Paul Nizan, Aden Arabie.

 

      Je sais d’expérience, que courir le monde ne sert qu’à tuer le temps. On revient aussi insatisfait qu’on est parti. Il faut faire quelque chose de plus.

Ella Maillart.

 

      …voyager est un des plus tristes plaisirs de la vie; entendre parler un langage que vous comprenez à peine, voir des visages sans relation avec votre passé ou votre avenir, c’est de l’isolement sans repos et sans dignité.

Madame de Staël.

 

      Le voyage n’est nécessaire qu’aux imaginations courtes.

Colette.

 

      Il est bon de voyager quelques fois ; cela étend les idées et rabat l’amour propre.

Sainte-Beuve.

 

      On croit qu’on va faire un voyage, mais bientôt c’est le voyage qui vous fait, ou vous défait.

Nicolas Bouvier L"Usage du monde.

 

      Aller au loin et revenir au pays est une chose très importante. Celui qui part n’est pas le même que celui qui revient.

Jacques Meunier, On dirait des îles.

 

      Le monde est une barque, la vie est un voyage, c’est seulement le but qui compte. Et le but n’est pas la barque. Voyager ne saurait être un but, sinon pour quelques êtres frivoles. Nous devons nous en aller pour revenir en nous-mêmes, aux sources mêmes de notre création.

Alain Gerber, Le Jade et l’Obsidienne.

 

      Le voyage: ce n'est pas toujours de pays en pays qu'il s'accomplit. La transhumance a lieu parfois dans le silence et l'immobilité du corps ― un peu comme sur la route, quand il arrive que l'esprit s'envole à l'infini à la vitesse de la lumière. Quand on retombe sur terre, quelques secondes après semble-t-il, trente kilomètres ont passé, on ne reconnaît plus le paysage. Le temps de lever les yeux, tout a changé, on se demande comment. Un grand quart d'heure, en fait, pendant lequel l'œil extérieur est resté vigilant, le cerveau a fonctionné en toute indépendance. Tandis que l'âme voyageait, les pieds, les mains ont fait ce qu'il fallait... Ainsi soudain s'aperçoit-on d'une modification profonde: on n'est plus là où l'on était, plus ce qu'on croyait être.

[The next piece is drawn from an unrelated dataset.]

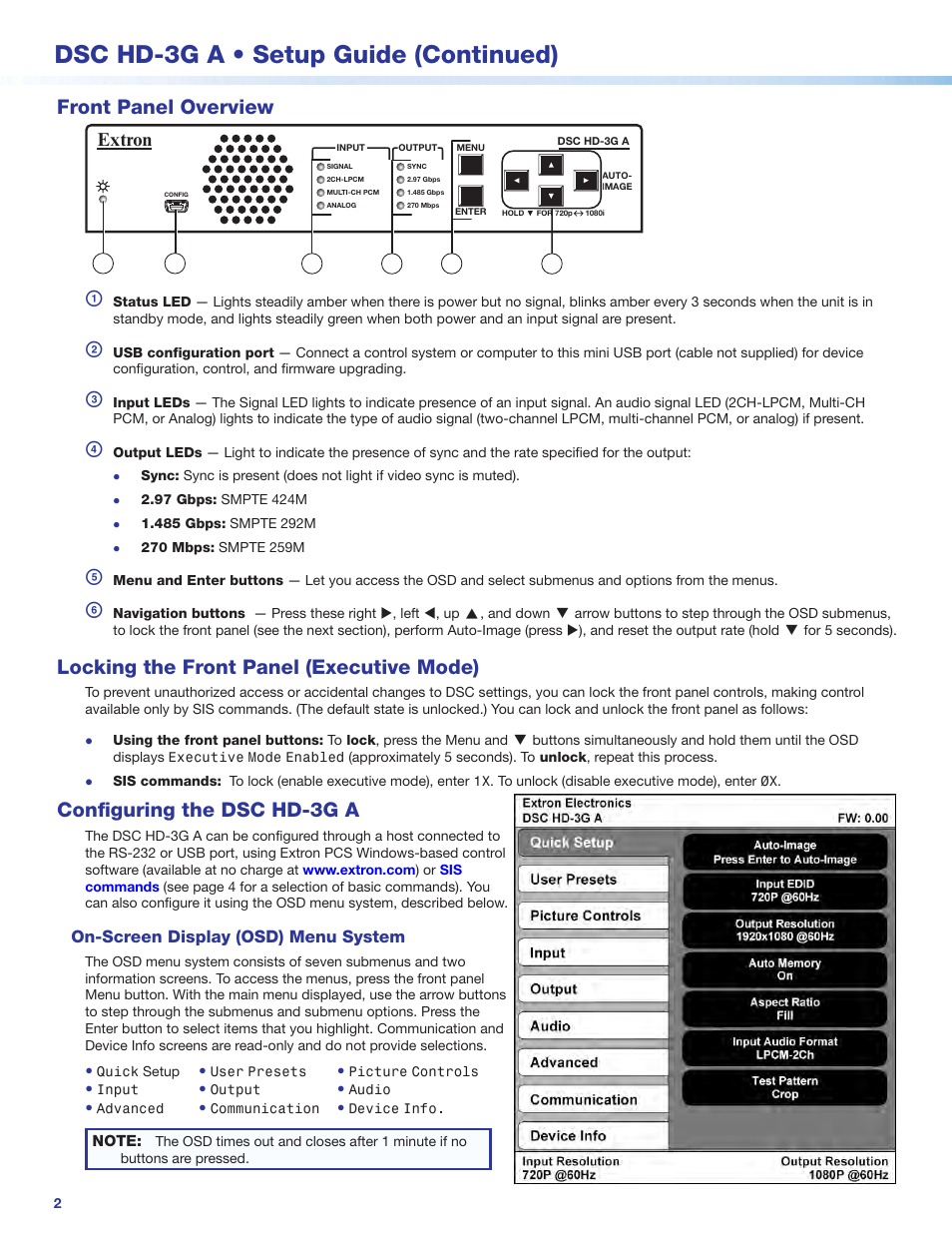On-screen display, Dsc hd-3g a • setup guide (continued), Front panel overview | Locking the front panel (executive mode), Configuring the dsc hd-3g a, Extron, On-screen display (osd) menu system | Extron Electronics DSC HD-3G A Setup Guide User Manual | Page 2 / 4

François-René Daillie, Le Cabalaire

 

      Avant, je rêvais de partir et revenais toujours. Je pars sans bouger à présent, et il n’y a pas de retour. On ne part pas, écrivait Rimbaud, ce qui pourrait aussi s’entendre par : on ne cesse de partir, et les vrais voyages ne sont pas ceux qu’on croit.(…)
      Au fond, les vrais voyages sont immobiles. Immobiles et infinis. Solitaires. Silencieux.

Guy Goffette, Partance et autres lieux

 

      « Depuis cette fin décembre 1938, je ne suis plus jamais repartie, sauf peut-être en imagination, et je ne repartirai plus. Israël n'a rien d'extraordinaire, ce n'est pas ça, c'est parce qu'aujourd'hui je trouve que les voyages sont une stupidité: le seul voyage dont on ne revient pas toujours les mains vides est intérieur, là, il n'y a ni frontières ni douanes, et on peut même atteindre les planètes les plus lointaines. On peut aussi flâner dans des endroits qui n'existent plus, rendre visite à des gens qui ne sont plus. On pourrait d'ailleurs se rendre dans des lieux qui n'existent pas et ne pourraient jamais exister, mais où l'on est bien. Ou, du moins, pas mal.» 

Amos Oz, Une histoire d'amour et de ténèbres

 

Il est de bon ton aujourd'hui de louer les vertus de l'errance. Nombre de voyageurs, adeptes des détours, nous servent leur soupe: «Il faut savoir se perdre pour se retrouver», disent-ils. «Le chemin vaut mieux que la destination», ajoutent les plus confucéens. «Il faut lâcher prise», concluent ceux qui ne pratiquent pas l'escalade. Question voyage, Goisque et moi ne nous sentions pas du tout promeneur. Nous n'étions pas des professionnels de la flânerie ni des chemins de traverse.
      Nous nous situions plutôt du côté de la thèse de Tolstoï. Le vieux prophète écrivait dans La Guerre et la Paix: «Lorsqu'un homme se trouve en mouvement, il donne toujours un but à ce mouvement. Afin de parcourir mille verstes, il doit pouvoir penser qu'il trouvera quelque chose de bon au bout de ces mille verstes. L'espoir d'une terre promise est nécessaire pour lui donner la force d'avancer.»

Sylvain Tesson, Berezina

 

Je savais que le véritable voyage se fait au retour, quand il inonde les jours d'après au point de donner cette sensation prolongée d'égarement d'un temps dans un autre, d'un espace à un autre. Les images se superposent, secrète alchimie, profondeur de champ où nos ombres semblent plus vraies que nous-mêmes. Là est la vérité du voyage.